▶ **Problem**: The expected output is the complete listing, unchanged.

▶ **Dataset section**:
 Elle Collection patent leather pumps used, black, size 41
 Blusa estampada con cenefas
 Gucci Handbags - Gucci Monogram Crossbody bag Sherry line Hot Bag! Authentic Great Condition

▶ **Result of this task**:
 Elle Collection patent leather pumps used, black, size 41
 Blusa estampada con cenefas
 Gucci Handbags - Gucci Monogram Crossbody bag Sherry line Hot Bag! Authentic Great Condition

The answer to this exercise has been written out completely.